--- Data supplied ---
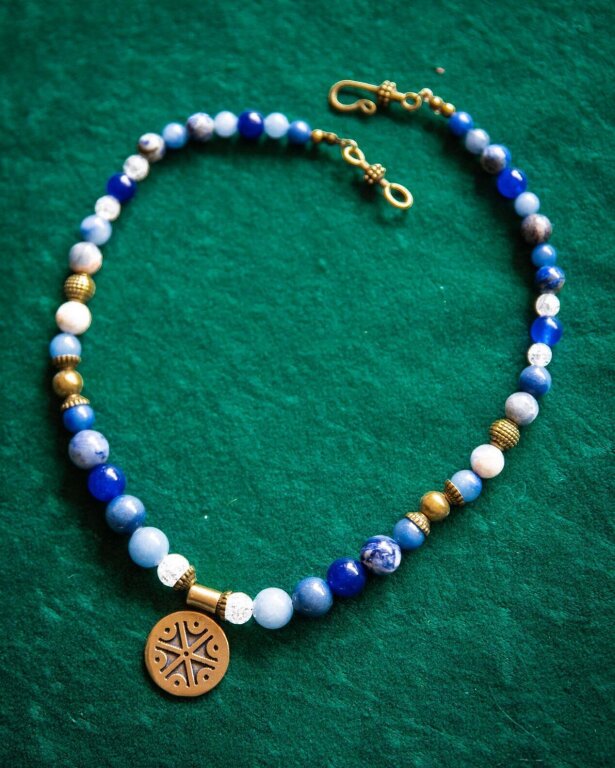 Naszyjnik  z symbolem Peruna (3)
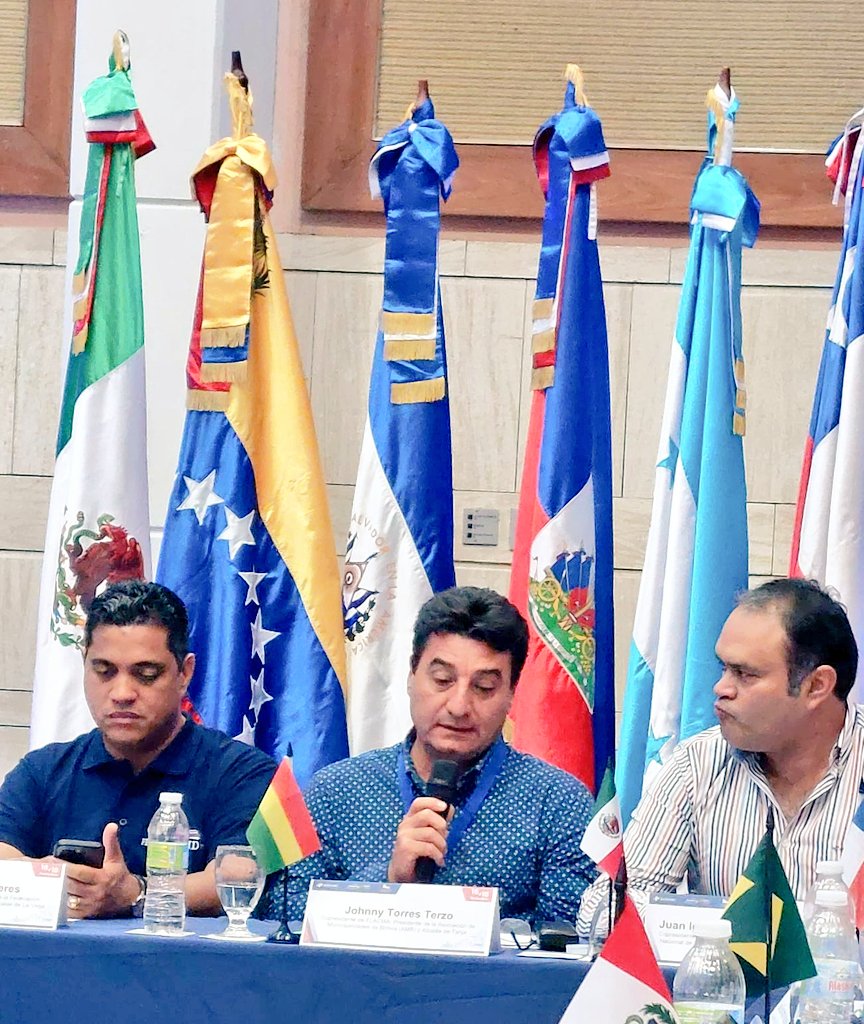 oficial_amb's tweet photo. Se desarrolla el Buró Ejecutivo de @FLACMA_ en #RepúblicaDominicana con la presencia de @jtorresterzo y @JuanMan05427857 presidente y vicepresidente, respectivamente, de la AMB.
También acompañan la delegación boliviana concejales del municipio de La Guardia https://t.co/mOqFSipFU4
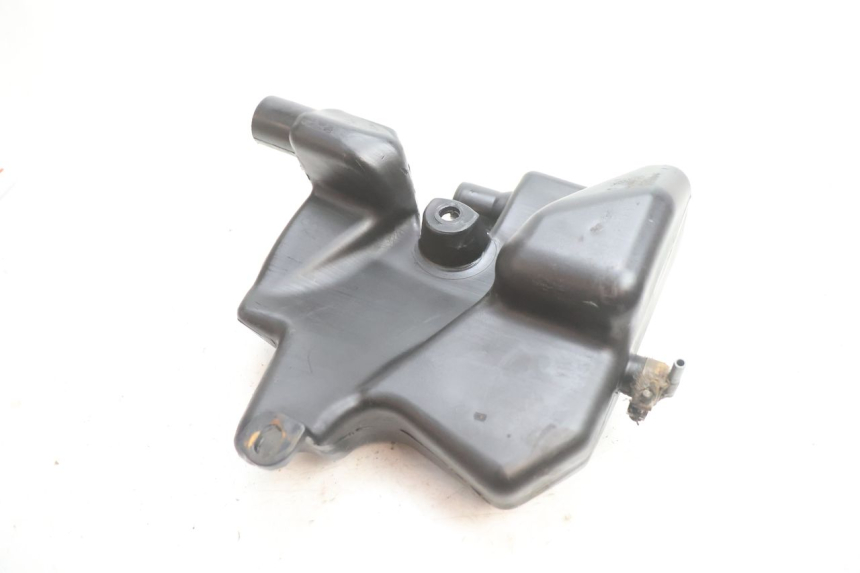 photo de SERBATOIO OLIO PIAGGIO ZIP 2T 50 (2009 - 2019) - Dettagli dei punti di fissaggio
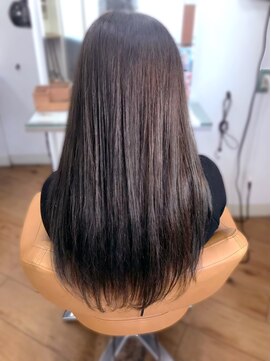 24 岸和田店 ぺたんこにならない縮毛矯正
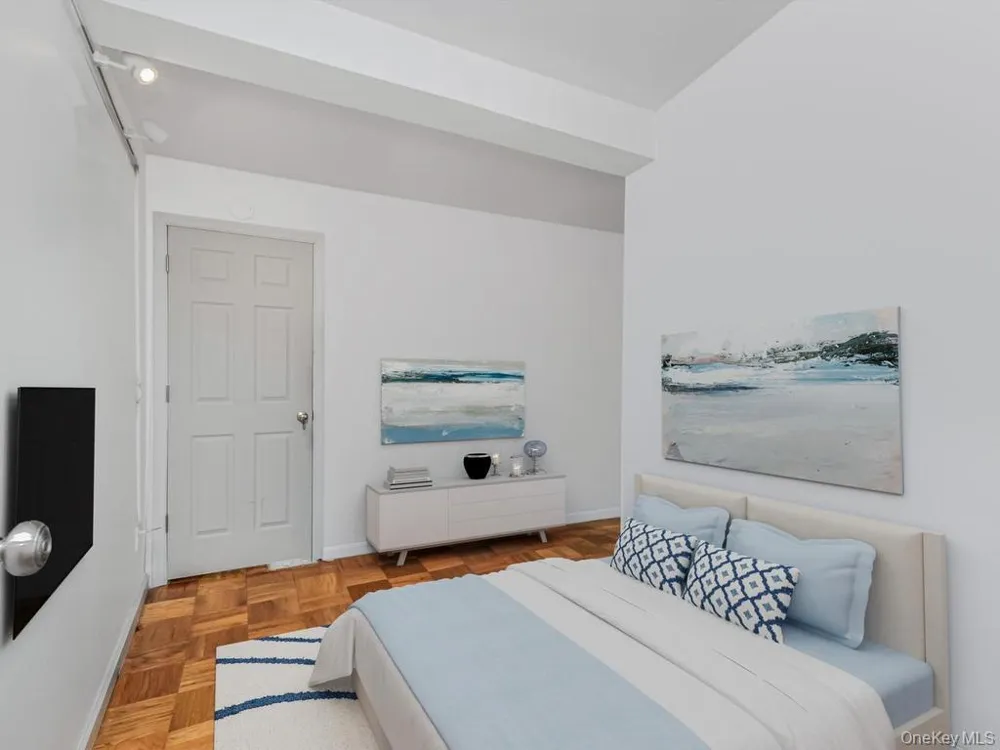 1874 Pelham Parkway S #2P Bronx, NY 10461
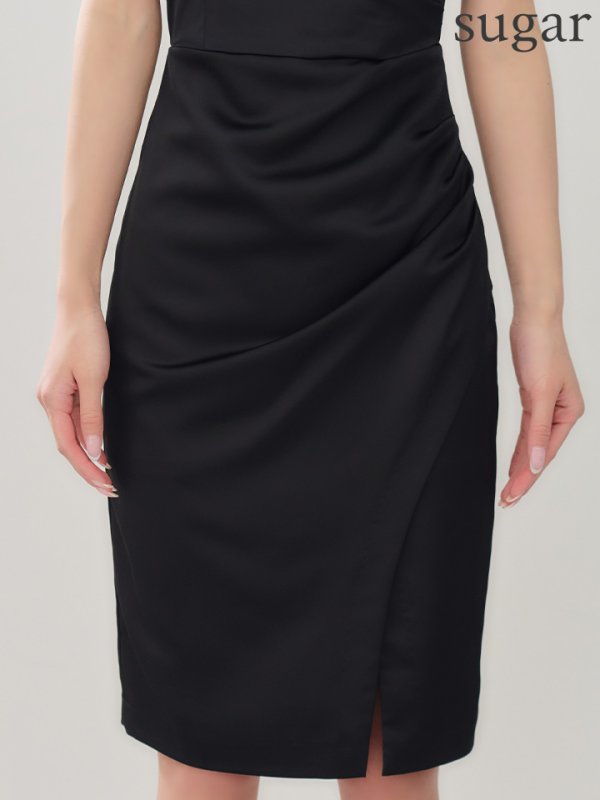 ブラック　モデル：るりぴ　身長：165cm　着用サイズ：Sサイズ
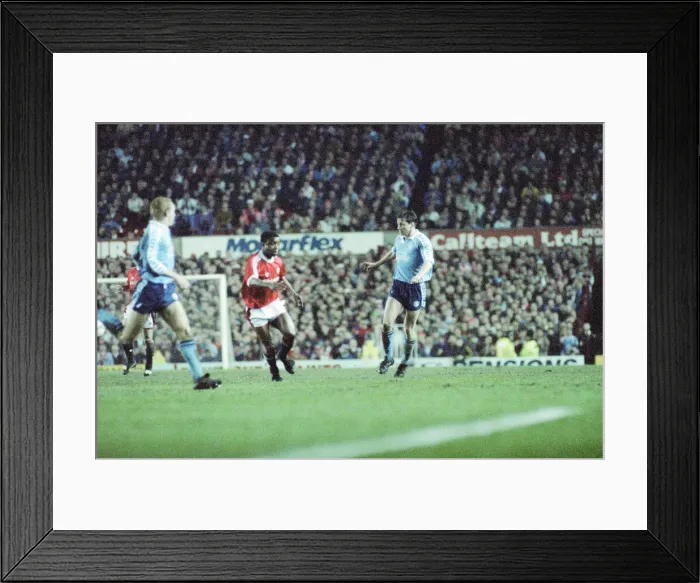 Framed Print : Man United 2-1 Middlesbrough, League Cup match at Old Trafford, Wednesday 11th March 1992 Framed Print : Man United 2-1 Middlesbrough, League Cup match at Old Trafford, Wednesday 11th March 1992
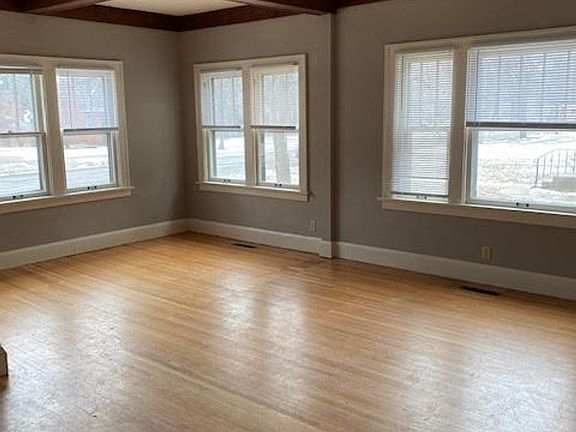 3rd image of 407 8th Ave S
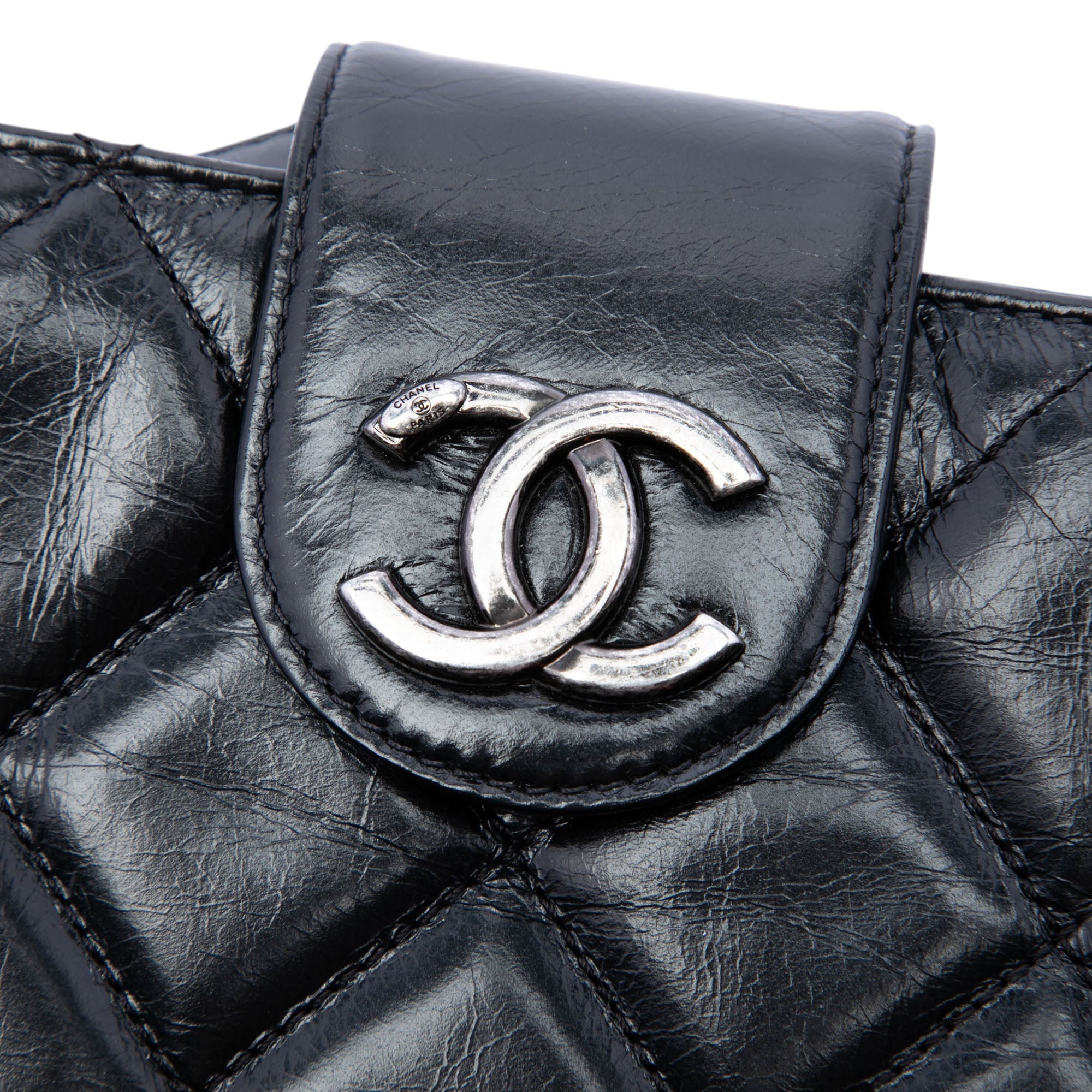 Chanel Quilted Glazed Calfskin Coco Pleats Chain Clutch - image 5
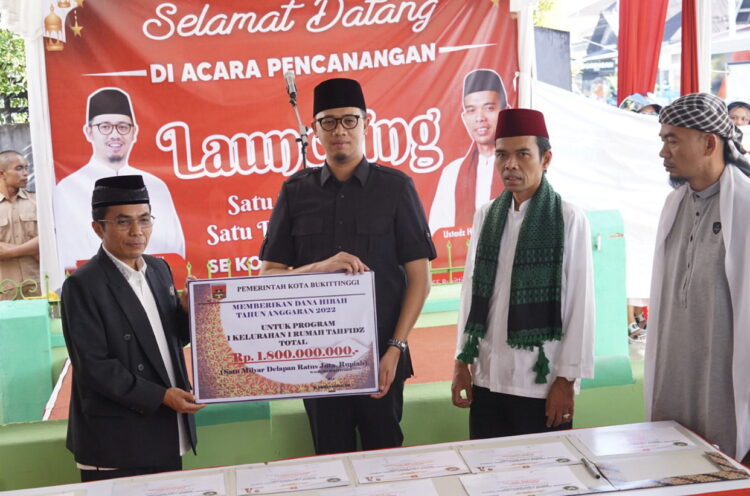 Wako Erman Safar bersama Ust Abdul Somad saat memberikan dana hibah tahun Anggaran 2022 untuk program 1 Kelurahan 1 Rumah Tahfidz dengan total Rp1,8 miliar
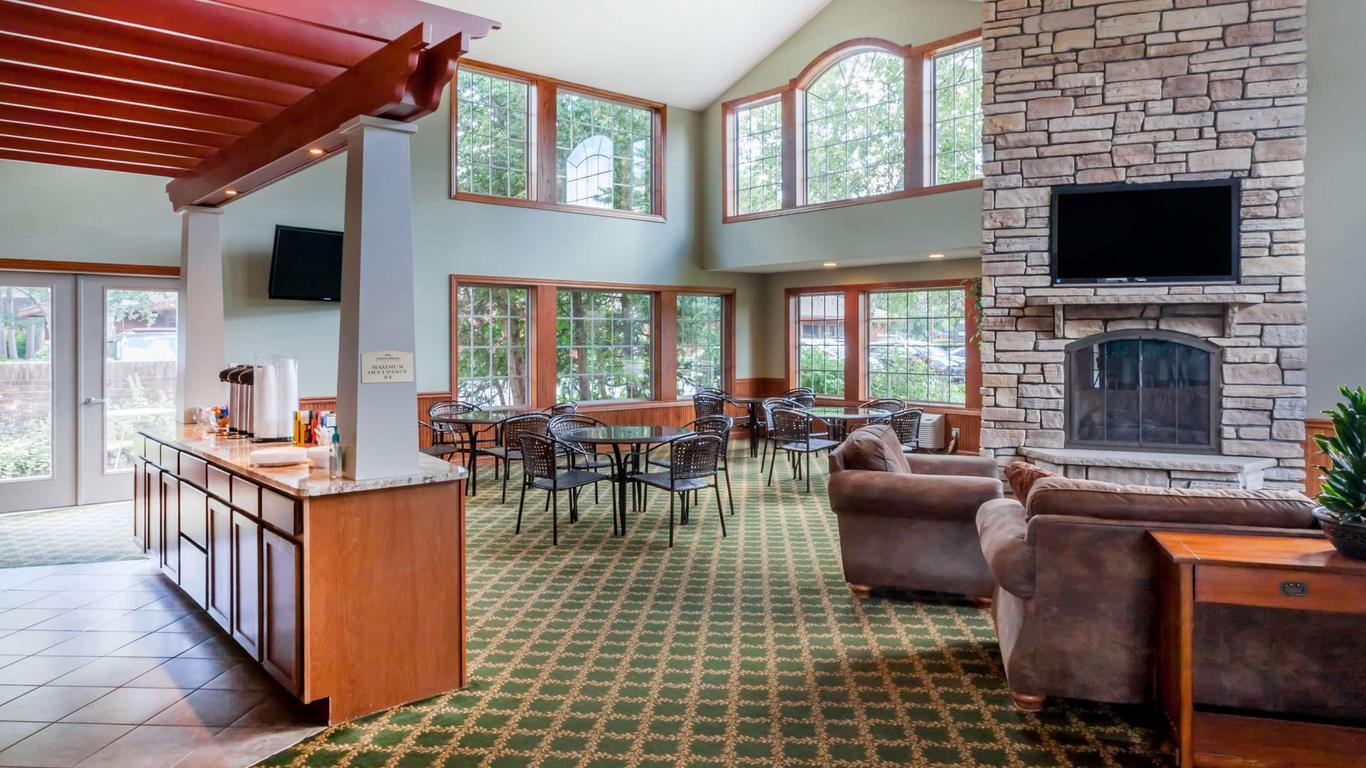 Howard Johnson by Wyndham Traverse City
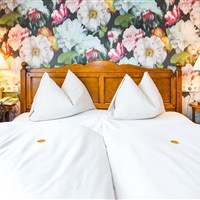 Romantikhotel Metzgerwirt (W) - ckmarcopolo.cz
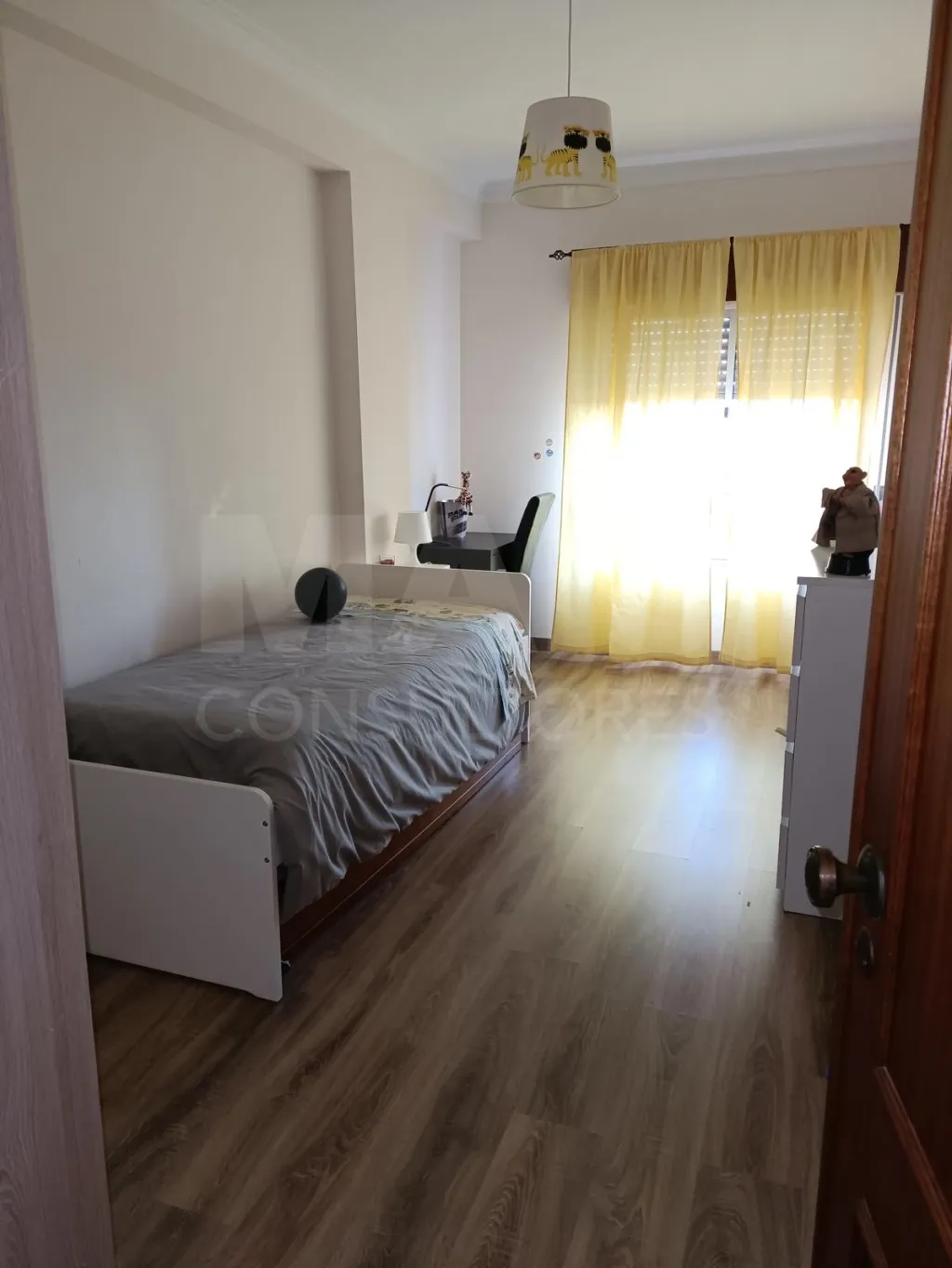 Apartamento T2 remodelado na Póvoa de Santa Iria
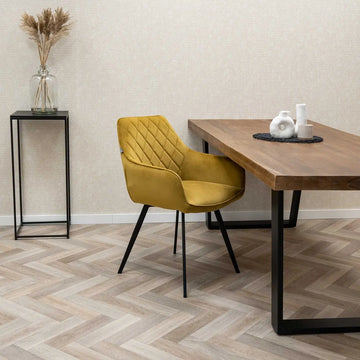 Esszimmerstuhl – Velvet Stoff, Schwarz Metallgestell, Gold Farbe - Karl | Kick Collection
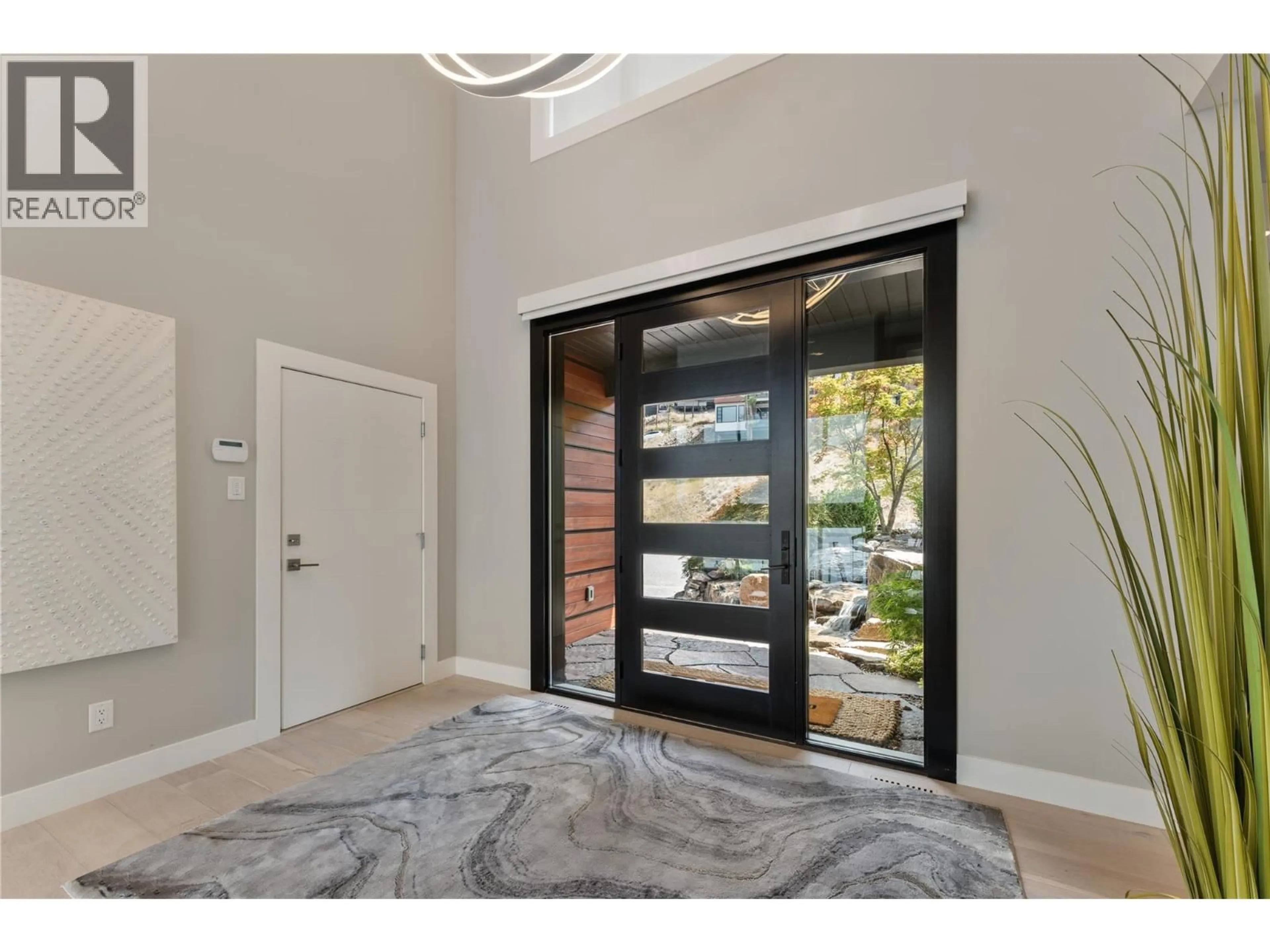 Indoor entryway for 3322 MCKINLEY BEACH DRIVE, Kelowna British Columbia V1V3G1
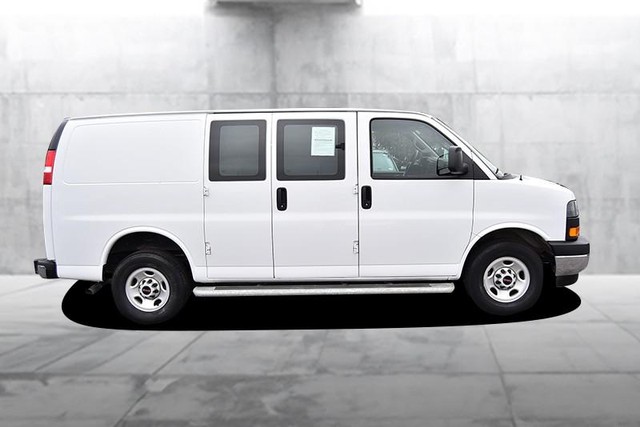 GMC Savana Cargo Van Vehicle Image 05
---
Work to be completed:
Print exactly the first line of the entries and every line after it through the one that contains "Chanel Quilted Glazed", leaving the pictures out.

Result of this exercise:
 Naszyjnik  z symbolem Peruna (3)
 oficial_amb's tweet photo. Se desarrolla el Buró Ejecutivo de @FLACMA_ en #RepúblicaDominicana con la presencia de @jtorresterzo y @JuanMan05427857 presidente y vicepresidente, respectivamente, de la AMB.
También acompañan la delegación boliviana concejales del municipio de La Guardia https://t.co/mOqFSipFU4
 photo de SERBATOIO OLIO PIAGGIO ZIP 2T 50 (2009 - 2019) - Dettagli dei punti di fissaggio
 24 岸和田店 ぺたんこにならない縮毛矯正
 1874 Pelham Parkway S #2P Bronx, NY 10461
 ブラック　モデル：るりぴ　身長：165cm　着用サイズ：Sサイズ
 Framed Print : Man United 2-1 Middlesbrough, League Cup match at Old Trafford, Wednesday 11th March 1992 Framed Print : Man United 2-1 Middlesbrough, League Cup match at Old Trafford, Wednesday 11th March 1992
 3rd image of 407 8th Ave S
 Chanel Quilted Glazed Calfskin Coco Pleats Chain Clutch - image 5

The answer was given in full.